As services become more advanced, companies are becoming less product focused and more concentrated on supporting customer processes through the capabilities the product enables. “Companies that have strong, reliable products – be that a physical or a virtual offering – are the ones that can really exploit advanced services,” says Mr Baines.

Reaching this level of servitisation, however, requires a full-scale change throughout the whole of a corporation.  

Mr Baines sees co-locating facilities helping. “Localised facilities enable quicker fault diagnosis and speed of repair, impacting on product availability,” he says. “Proximity also increases reliability.

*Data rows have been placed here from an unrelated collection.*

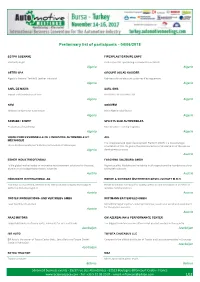 Preliminary List of Participants - 04/06/2018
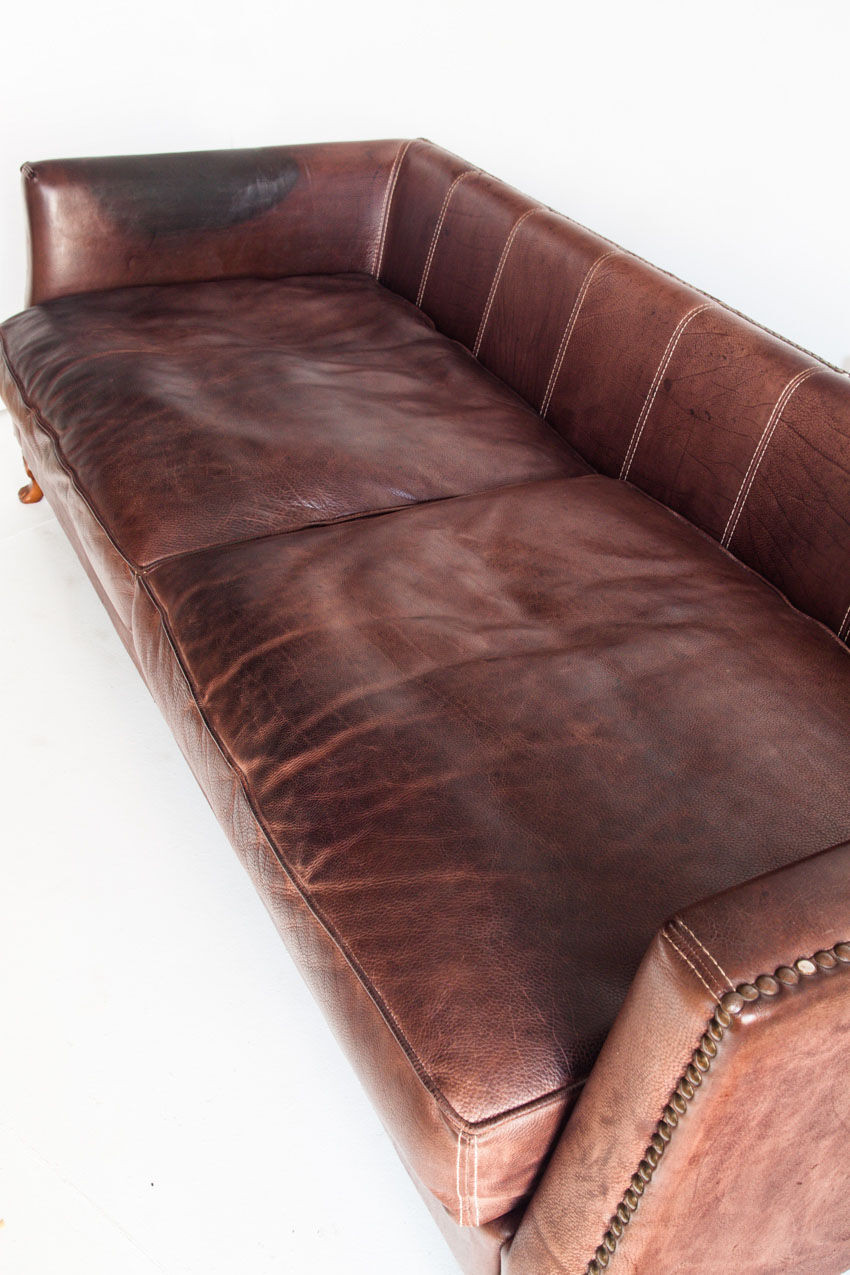 Vintage leather sofa. Edited by Mantellassi. Italy, 90s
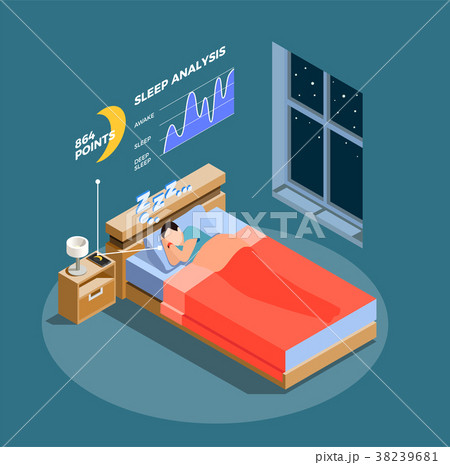 Sleep Analysis Isometric Composition 38239681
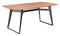 Tables Modern Dining Table - 70.9" x 35.4" x 29.9" Walnut & Black, Walnut Veneer, Painted Steel, Dining Table HomeRoots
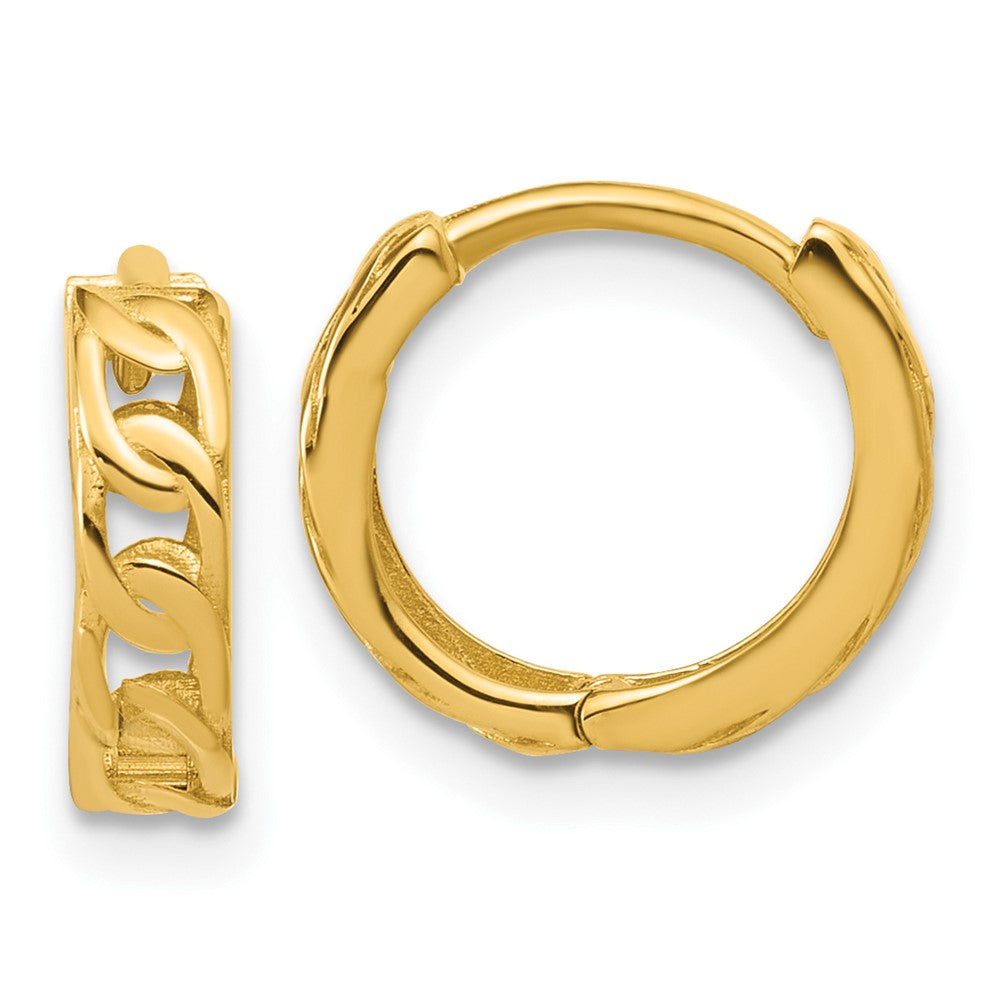 14k Yellow Gold Polished Link Pattern Huggie Hoop Earrings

Stronger relationships are built between the manufacturer and customer at the level of day-to-day operations, enabling the manufacturer to witness and improve their understanding of how the user operates the product.”

Closer relationships

Co-location also helps when it comes to modifying designs or making recommendations about product operation, as does vertical integration within the value chain and the exploitation of ICT for remote asset management.

“The core concept of servitisation is that manufacturers develop a much closer relationship with the customer to understand their operations and how the manufacturer can provide services that help the customer be more efficient or productive, or reach new customers or new markets,” says Mr Baines.

While servitisation can result in a company expanding or participating in FDI, Mr Baines warns that relationship building can be slow. “In any market, the provider needs to demonstrate an excellent knowledge of the customer’s business and operations and how it can help with these,” he says. “If it wants to do this in a new market, it needs to really do its research.”

A service-centric staff that is adaptable, resilient and skilled in relationship building is crucial. “Performance measurement systems need to replicate those of customers so as to be knowledgeable of, ingrained into, and responsive to their businesses,” says Mr Baines.